*Data provided*.

····················

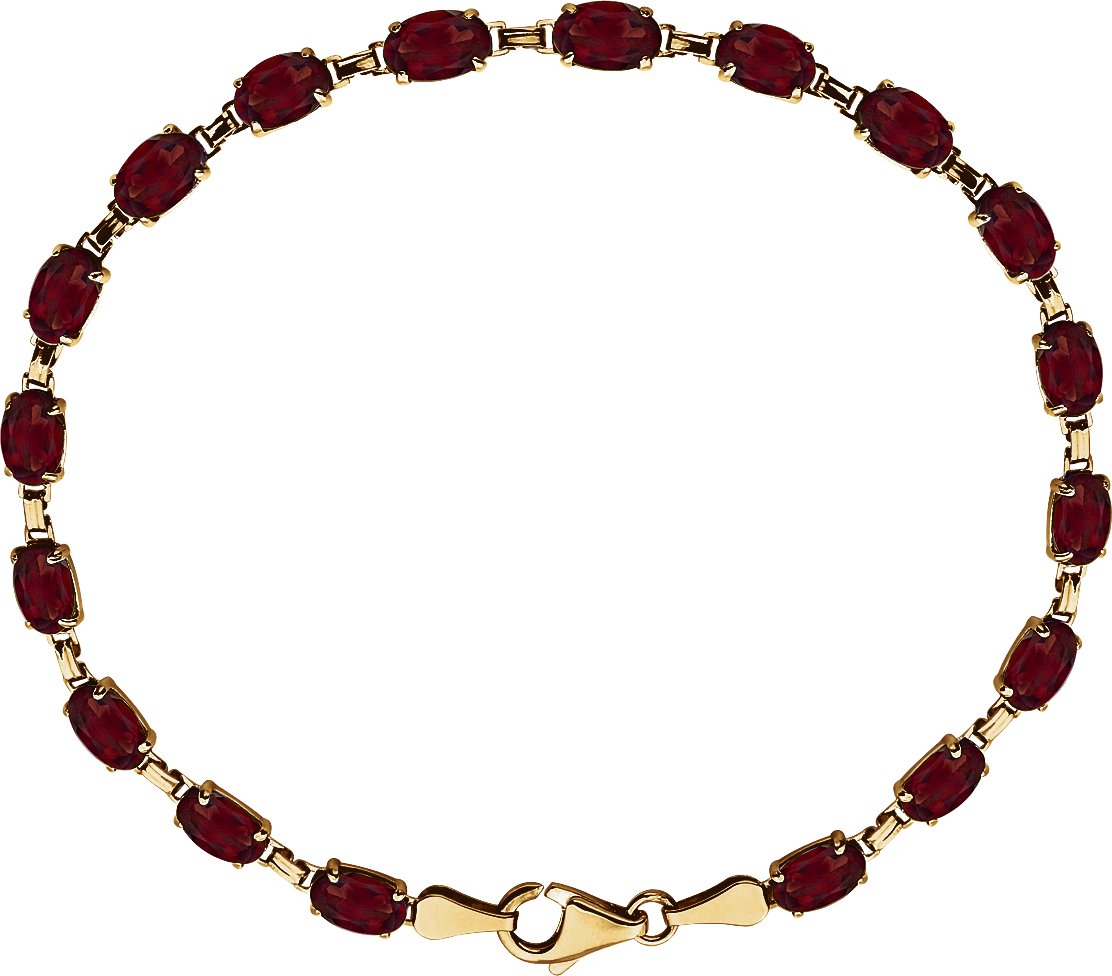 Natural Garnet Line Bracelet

····················

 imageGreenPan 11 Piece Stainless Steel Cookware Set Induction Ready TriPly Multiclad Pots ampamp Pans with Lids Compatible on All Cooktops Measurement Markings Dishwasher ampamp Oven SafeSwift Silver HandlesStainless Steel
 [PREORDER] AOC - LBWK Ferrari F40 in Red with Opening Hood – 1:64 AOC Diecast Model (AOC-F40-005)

····················

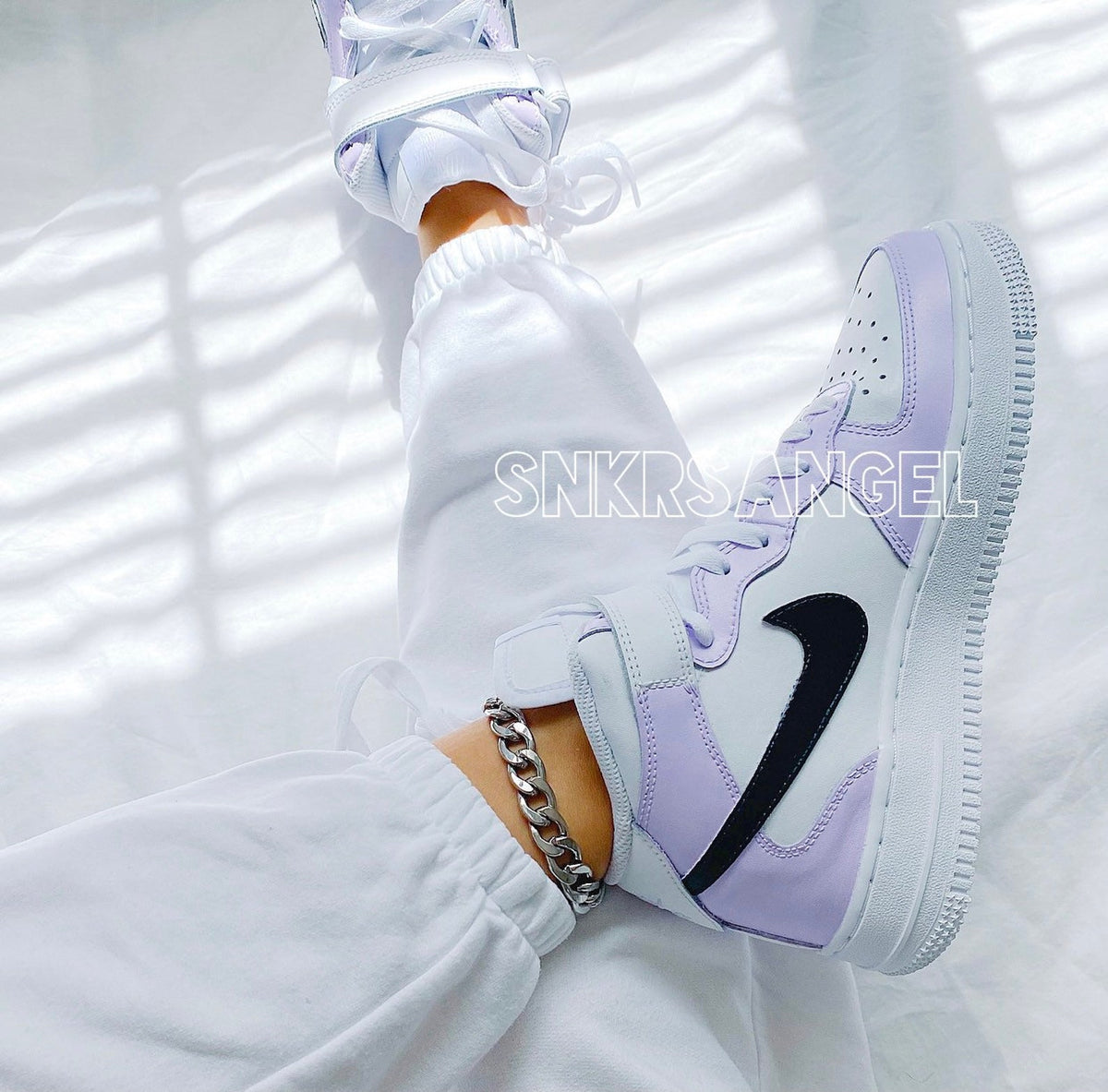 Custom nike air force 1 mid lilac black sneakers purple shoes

····················

Referring to the material above, set down exactly the lines between the line with "imageGreenPan 11 Piece" and the line with "[PREORDER] AOC - LBWK", inclusive, and no other lines.

 imageGreenPan 11 Piece Stainless Steel Cookware Set Induction Ready TriPly Multiclad Pots ampamp Pans with Lids Compatible on All Cooktops Measurement Markings Dishwasher ampamp Oven SafeSwift Silver HandlesStainless Steel
 [PREORDER] AOC - LBWK Ferrari F40 in Red with Opening Hood – 1:64 AOC Diecast Model (AOC-F40-005)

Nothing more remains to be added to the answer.